The hairstyles, clothes and music of the guest’s grandparents era were on display at the Jaffrey Center Village Improvement Society’s 2013 spring dinner, which was enjoyed by more than 80 guests.

Inspired by the British television series “Downton Abbey” and the 1923 sesquicentennial celebration of the 150th anniversary of the founding of Jaffrey, the Village Improvement Society had members act as Jaffrey personages of 1923 who had invited “cousins” from the Crawley clan of Downton Abbey to the evening’s festivities.
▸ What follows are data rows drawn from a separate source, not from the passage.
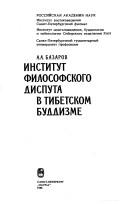 Cover of Institut filosofskogo disputa v tibetskom buddizme by A. A. Bazarov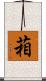 葙 Scroll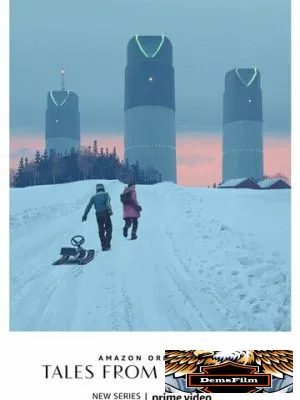 Рассказы из Петли 2020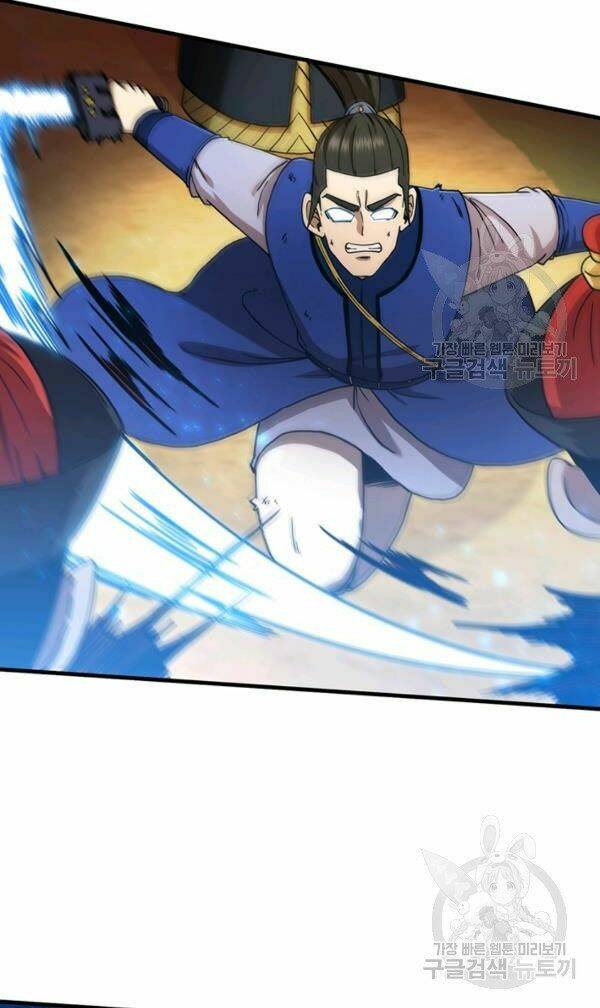 Thân Thủ Đệ Nhất Kiếm: Chapter 70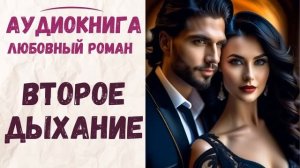 АУДИОКНИГА ЛЮБОВНЫЙ РОМАН: ВТОРОЕ ДЫХАНИЕ СЛУШАТЬ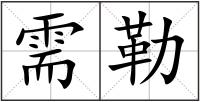 需勒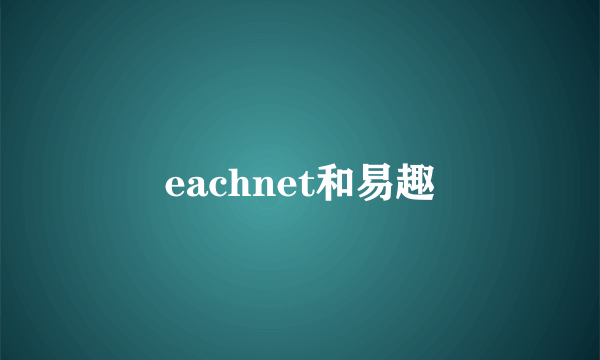 eachnet和易趣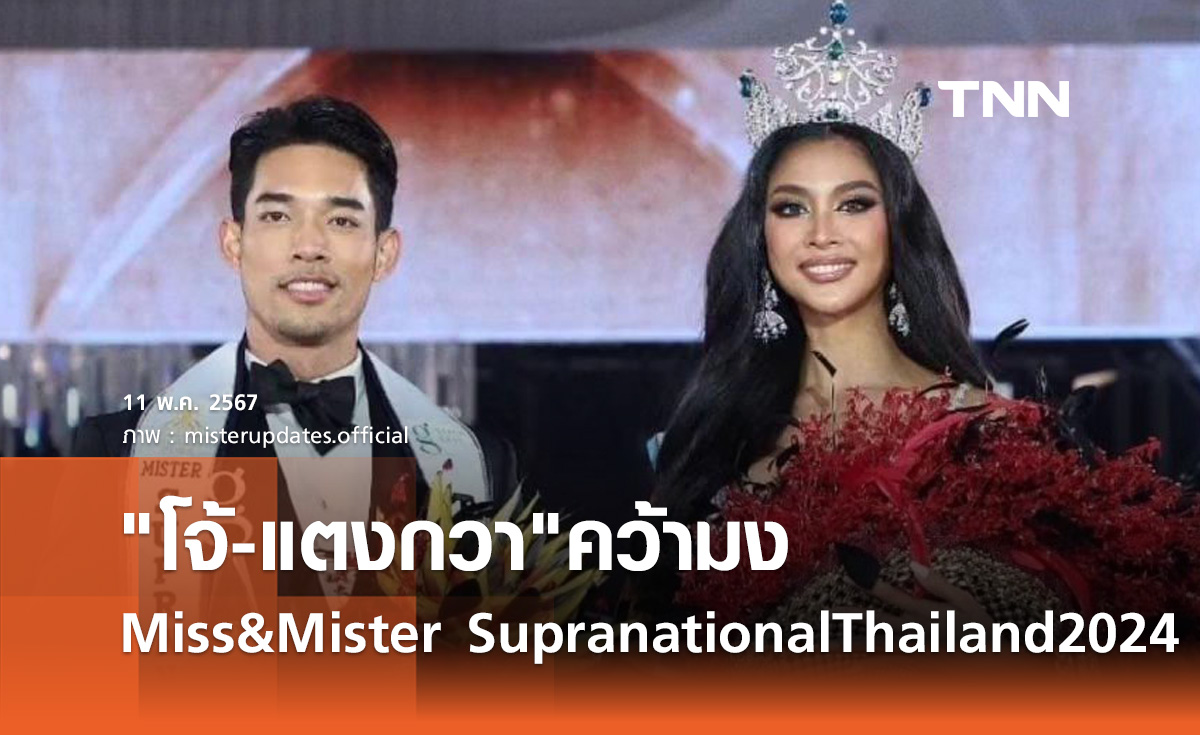 "โจ้-แตงกวา" เฮ! คว้ามง Miss & Mister Supranational Thailand 2024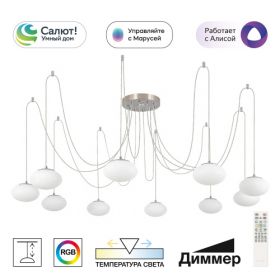 Люстра Умная Подвесная Citilux ATMAN SMART CL226A091 LED RGB Матовый Хром, Металл / Ситилюкс.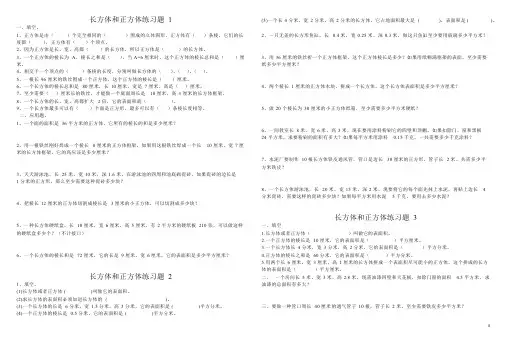(完整版)长方体和正方体的体积测试卷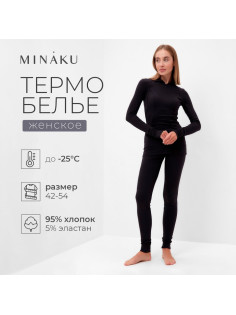 Термобельё женское (лонгслив, лосины) MINAKU, графит, размер 48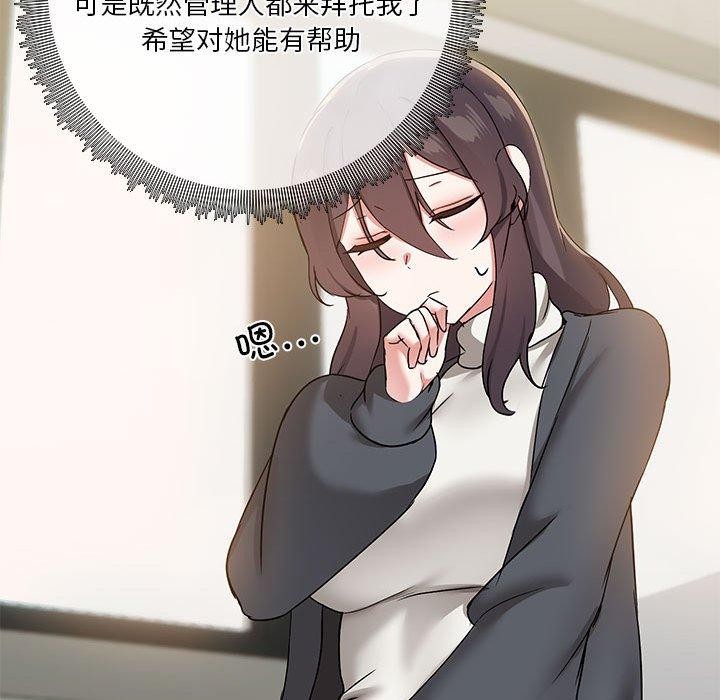 共享男友第30話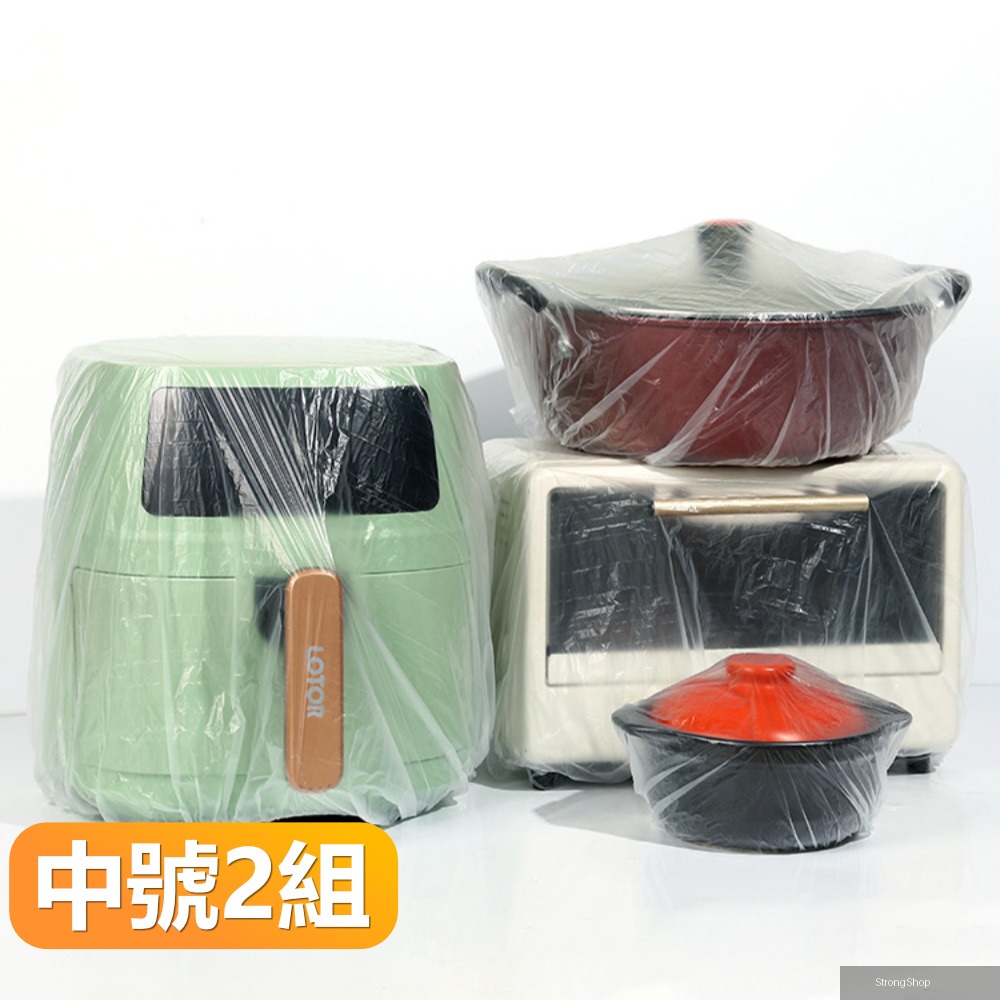 【晴安居】加大加厚家用電器防塵罩 防潮防油透明收納防護套-中號十入2組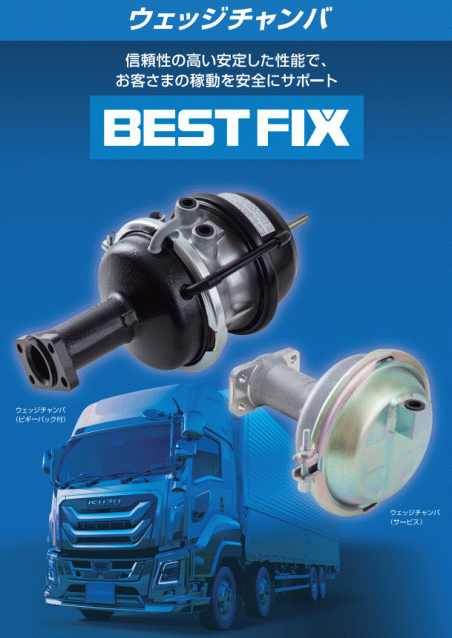 BESTFIX ウェッジチャンバ
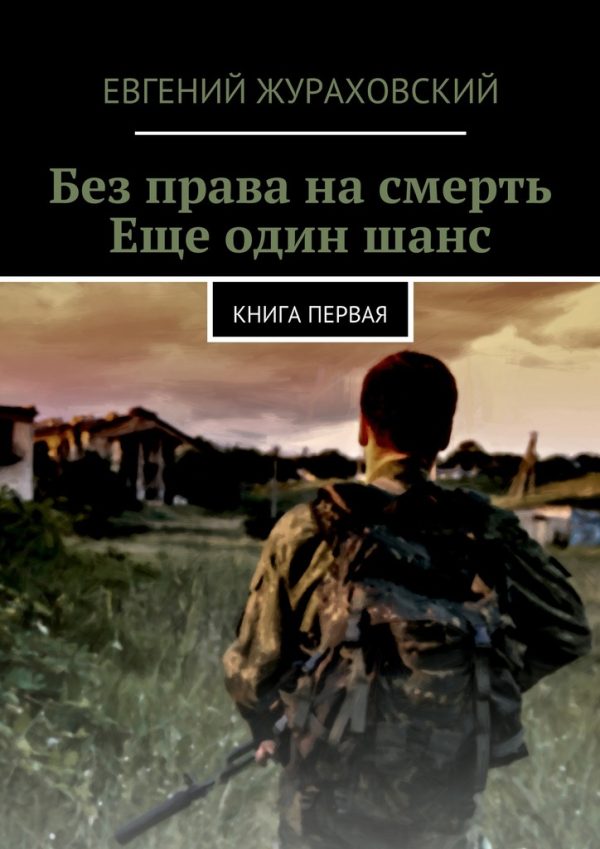 Обложка книги «Без права на смерть. Еще один шанс»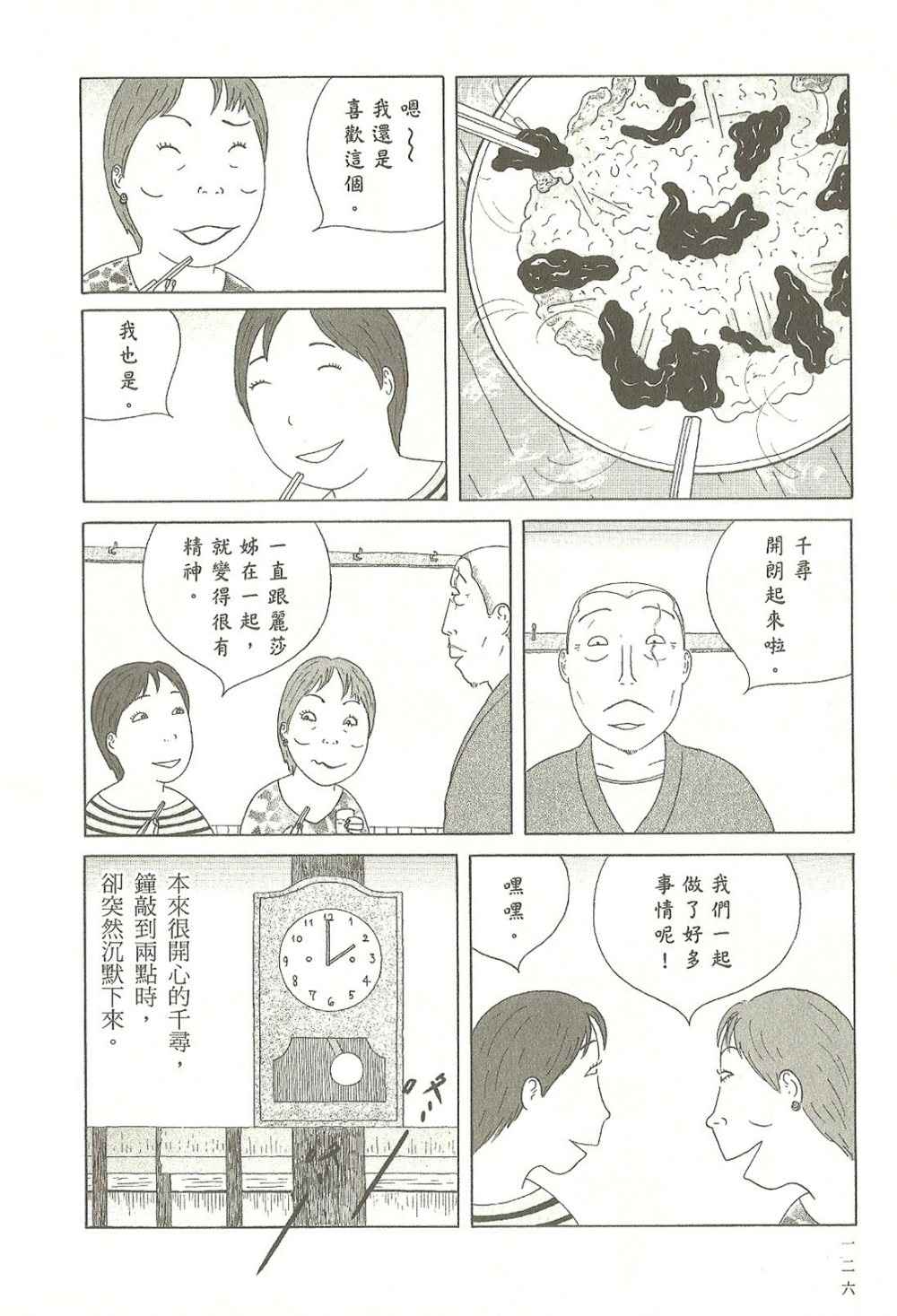 第 126 页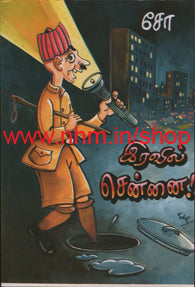 இரவில் சென்னை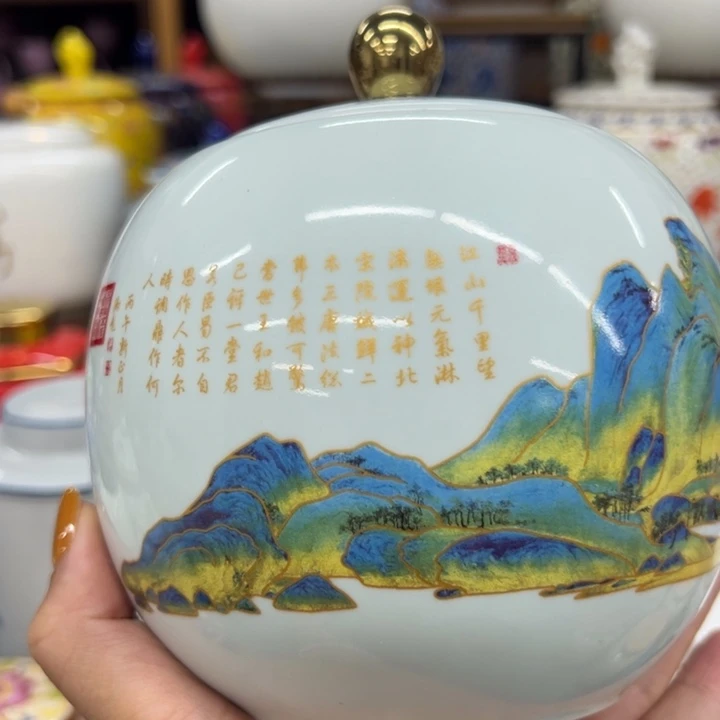 高端陶瓷茶叶罐密封罐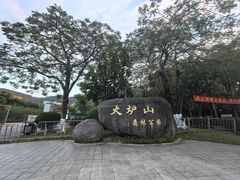 -火炉山森林公园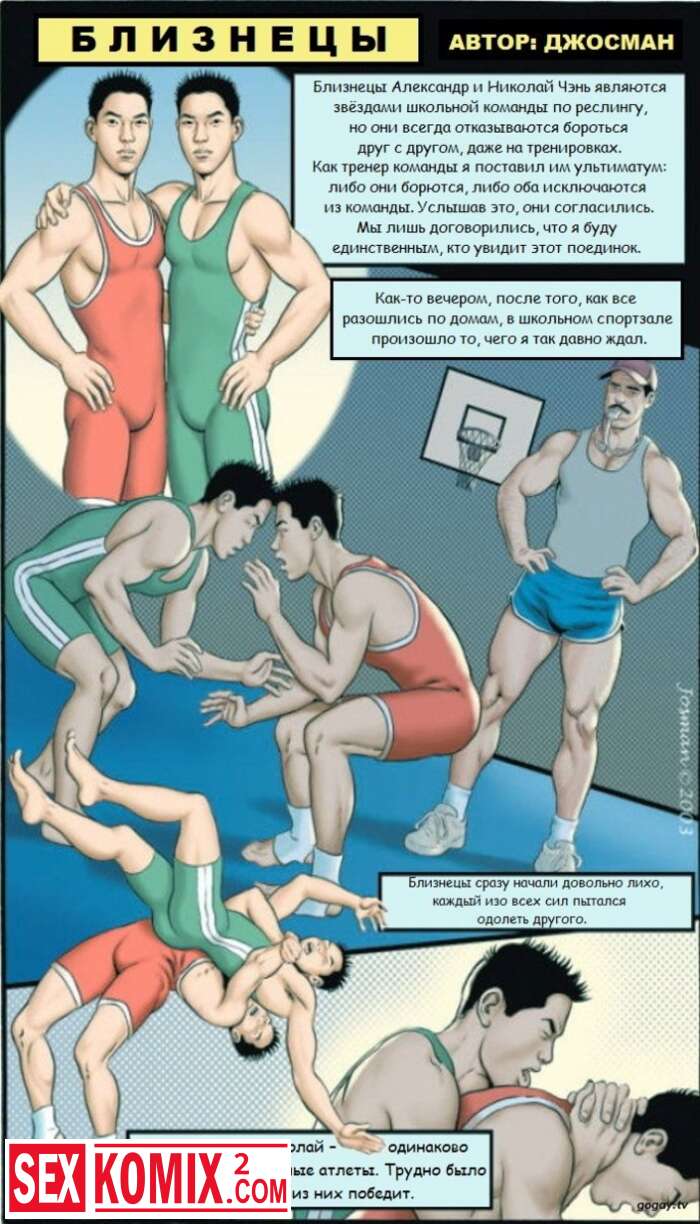  гей порно трах минет 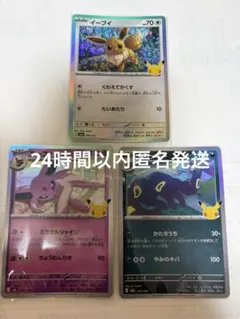 イーブイ 에브이 블래키 3枚セット 094/103 058/103 0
Acting as Lord and Lady Grantham were Steven Jackson and Lisa Bostnar of Jaffrey. Suze Campbell, current president of the VIS, was MC for the evening, playing the part of Margaret Casson Robinson, a founder of the Village Improvement Society in 1906 and its president from 1908 to 1928.

The evening included entertainment by H. Charles Royce and Ann Royce of Jaffrey. Charles Royce, wrapped in an Indian blanket and with a feather in his hair, told amusing stories about his grandfather, William C. Royce, who dressed up as “Old Greylock,” an Abenaki Indian chief, for the August 17, 1923 Jaffrey Sesquicentennial Parade.

Ann Royce, acting as Miss Cann, the proprietess of the Oribe Tea Room on Main Street in Jaffrey Center, talked about the Oribe Japanese pottery, the atmosphere, the desserts, sandwiches and tea offered there. As a young woman, Mrs. Royce worked for Miss Cann at The Oribe, now a building that The Monadnock Inn across the street uses for receptions and parties.

Randy Morse, Preston Clark, and Gene Pokorny were bartenders at Miss Jenny Whitcomb’s Speakeasy; Judy Hall of Troy, Miss Jenny’s actual niece, told the guests about the history of East Hill Farm. Willa Cather and her companion Edith Lewis were played by Denise Ginzler and Margaret Hawthorn of Rindge.

Louise and Bernie Watson played piano and Janet Grant, Ken Campbell and Bill Raymond led people in 1920s songs.